Dari sini, saya menyimpulkan bahwa puisi-puisi Shiny telah menjadi sebuah teks yang disatu sisi gelap nyaris tak terbaca. Ia kemudian menjelma selayaknya puisi mantra (meski secara teknik ada perbedaan) yang maknanya bukan lagi ditentukan lewat makna tiap kata dan rangkaian kata. Ia akan dibaca menjadi selayaknya kata yang maksudnya adalah kata itu sendiri. Konsekuensi kedua, kita masih bisa membaca puisi Shiny dengan logika kebahasaan natural yang kita sudah memiliki. Hal ini karena sebagai penutur bahasa kita masih disuguhkan diksi-diksi yang sebelum dikacaukan masih kita kenal. Hanya dengan cara demikian kita masih memiliki kesempatan untuk memahami dan menangkap makna di balik puisi-puisi Shiny. Pada persoalan-persoalan inilah, Shiny mengambil jalan yang cukup riskan, menyuguhkan puisi-puisi yang secara bentuk kebahasaan sudah sebegitu menyimpang dan problematik.

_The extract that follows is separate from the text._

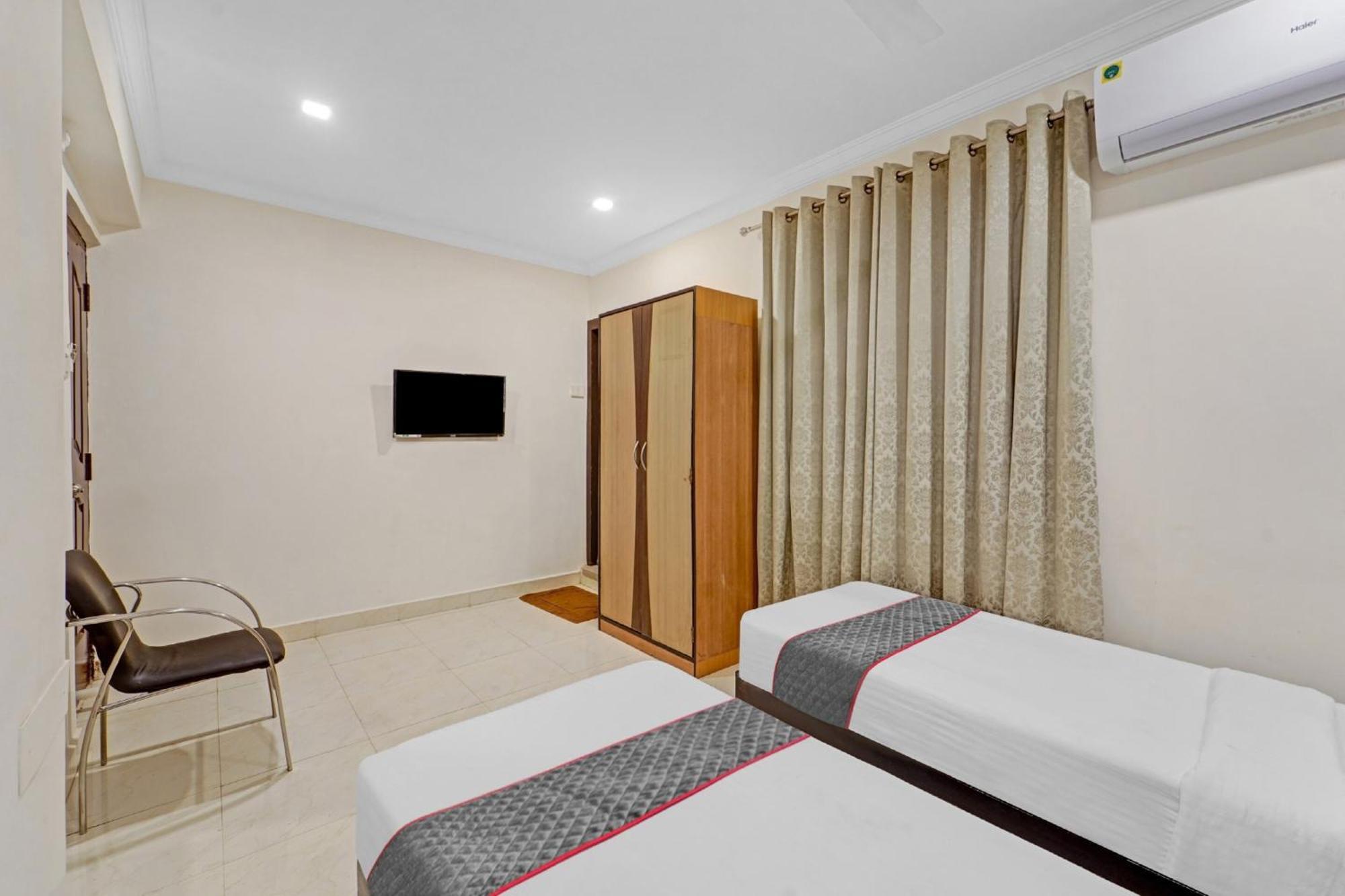 Collection O Mount Road Rich Mount Near Marina Beach Hotel Chennai Exterior foto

Permainan bentuk ekspresi kebahasaan yang dilakukan Shiny memang sangat menonjol dalam puisi-puisinya. Dengan kata lain, Shiny melakukan eksperimentasi pada tataran bentuk. Akan tetapi karena terlalu menonjolkan aspek bentuk, Shiny nampaknya kurang peduli terhadap tataran yang lebih dalam. Kalau kita amati, diksi-diksi awal (sebelum dikacaukan) adalah diksi-diksi yang relatif sederhana. Misal saja untuk mengekspresikan sepi maka ia menggunakan kata “sepi”. Untuk mengekspresikan cinta ia menggunakan kata “cinta”. Dari sana nampak bahwa Shiny tidak mengekspresikan konsep yang abstrak itu menjadi konkret. Yang abstrak itu tetap menjadi abstrak. Penggunaan diksi yang demikian juga mengacaukan pemahaman kita tentang ketaklangsungan puisi yang selama ini kita kenal dengan mengekspresikan sesuatu dengan sesuatu yang lain.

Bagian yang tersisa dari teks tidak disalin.